I’m a business, man!
Let me handle my business, damn"
Kanye West ft Jay.z - Diamonds from Sierra Leone
“It's easier to run
Replacing this pain with something numb
It's so much easier to go
Than face all this pain here all alone.”
Linkin Park - Easier to Run
Recently I've really been getting into hip hop, one thing that really struck me about hip hop, is that contary to popular perception. hip hop is on the whole surprisingly upbeat, especially when contrasted with rock and metal which I listened to a lot of growing up.
In the spirit of being scientific I thought I would try to quantify this difference. My plan was:
1) Get hold of a sample of lyrics from different artists of sufficient size.
2) Come up with a method for analysing how positive or negative the lyrics are.
3) Run the analysis on the lyrics and collate the results,
Step 1 - Collect data
So the first step was to obtain a sample of lyrics. This was actually harder than I thought it would be. There are plenty of websites which contain song lyrics, however I was looking for a large collection of songs and artists, and I didn't want to have to trawl through hundreds of webpages by hand.
The process of automating the collection of data from websites is called web scraping. I have played around with webs scraping before using Python, but I found it to be very fiddly to set up and not very reliable. This was a couple of years ago though, and it turns out that since then there have been a number of new tools which make the whole process easier.
I ended up using a tool called 'Web Scraper', website below:
Web Scraper is an add-in to Chrome with an easy to use graphical interface, that can export extracts directly to .csv files.
In total I managed to collect lyrics from about 4,000 songs across 12 artists. Whilst I did manage to automate the process, it was still quite slow going as many websites have anti-scraping technology that blocks you out if you take too much data too quickly. I might try to expand this sample at a later date, but we can already see some clear trends emerging just from these artists.
Step 2 - Develop a method for analysing the lyrics.
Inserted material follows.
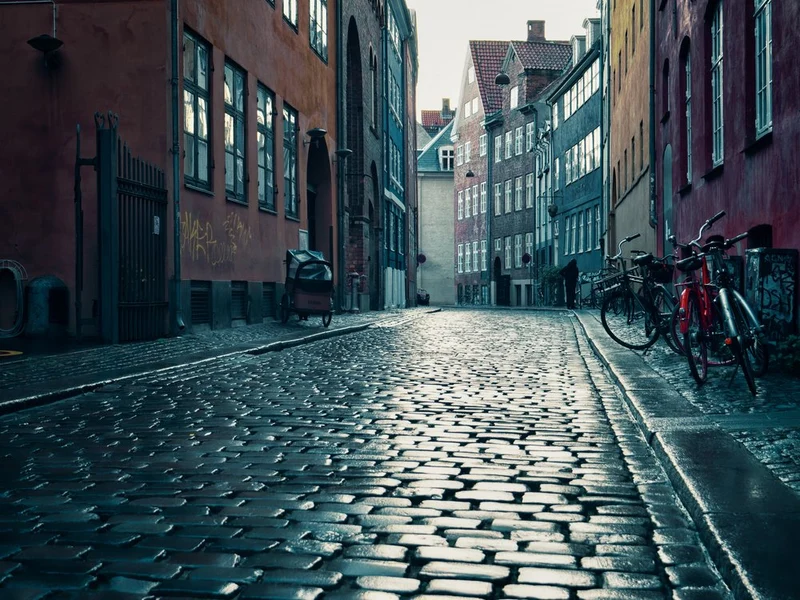 Wet Cobblestone Street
Trying to program a computer to understand the semantic meaning of human generated text is a big area of research in the field of Computer Science. It is called 'Natural Language Processing', or NLP for short, there are many advanced methods within NLP being developed at the moment, some of the approaches involve Machine Learning, statistical analysis or other complex methods. For a good introduction the Wikipedia page gives a helpful overview.
However, I was just looking for a very basic method that would allow for a broad brush analysis. I therefore decided to just use the relative frequency of words with positive or negative connotations within the lyrics as a proxy for how positive or negative the lyrics were as a whole.
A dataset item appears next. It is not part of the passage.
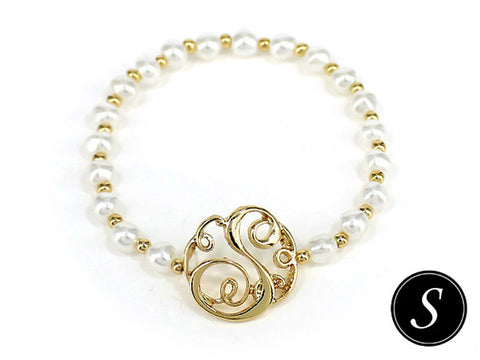 "S" Designer Monogram Imitation Pearl Stretch Bracelet by Jewelry Nexus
The obvious weakness of this approach is that just because there are positive words within a sentence, does not necessarily imply the meaning of the sentence is positive as a whole. For example, take the sentence 'This is not fun', an analysis of this sentence just on the basis of the words contained in it would suggest that it is a positive sentence, given we have the word 'fun' in the sentence. The obvious way to counter this would be to start looking at phrases instead. So 'not fun' would be given a negative connotation. Trying to look at phrases rather than words, adds a large degree of additional complexity to the analysis though, and given that all the artist should be exposed to roughly the same degree of false positives and false negatives, and given that we still get interesting results just using this very basic heuristic I decided to stick with it in this case. I might come back to this at a later date though.
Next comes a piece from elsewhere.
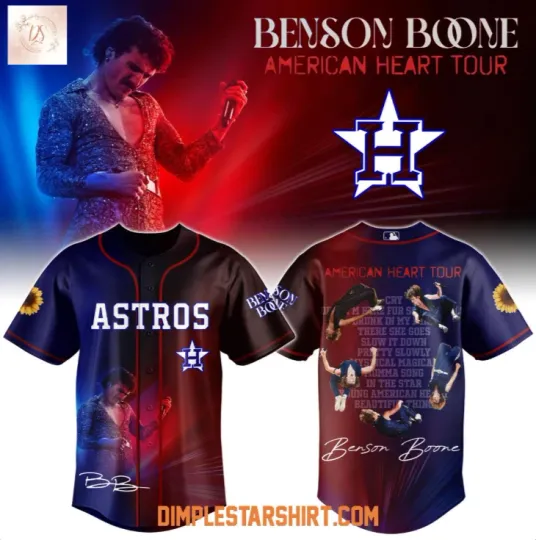 Discover Astros x Benson Boone American Heart Tour 2025 Baseball Jersey Reprint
So given we are just interested in looking at words rather than phrases, I was looking for a dictionary of words with an indicator of whether the word is positive or negative. It turns out that people have already worked on this problem, and free dictionaries are available online. I found the website of Prof. Bill Mcdonald of the University of Notre Dame in Indiana, USA. He has developed word lists for use in automating the analysis of financial statements, all the lists can be found in the following link:
I took Prof. McDonald's list, added in a number of additional words that appear frequently in song lyrics but were not including in the word list. (For example ballin' came up a lot in Hip Hop, but unfortunately is under used in financial statements).
Step 3 - Run the analysis on the data and collate the results
Here are the results of my analysis:
As we can see, Jay Z and 50 Cent, our representative Hip Hop artists are clearly above the Metal artists in terms of the relative frequency of positive over negative words in their music. We can see that the Metal artists are clustered at the bottom of the table.
One interesting feature of the results, which perhaps should not have been a surprise, was that pop music, i.e. Justin Bieber and the Beatles, were actually the clear winners on these terms.
Grouping the artists together into genres further emphasises the clear positioning of the genres.
So there we have it, Hip Hop is more positive than Rock or Metal. And Justin Bieber is better than Metallica, but the Beatles are the most positive band of all!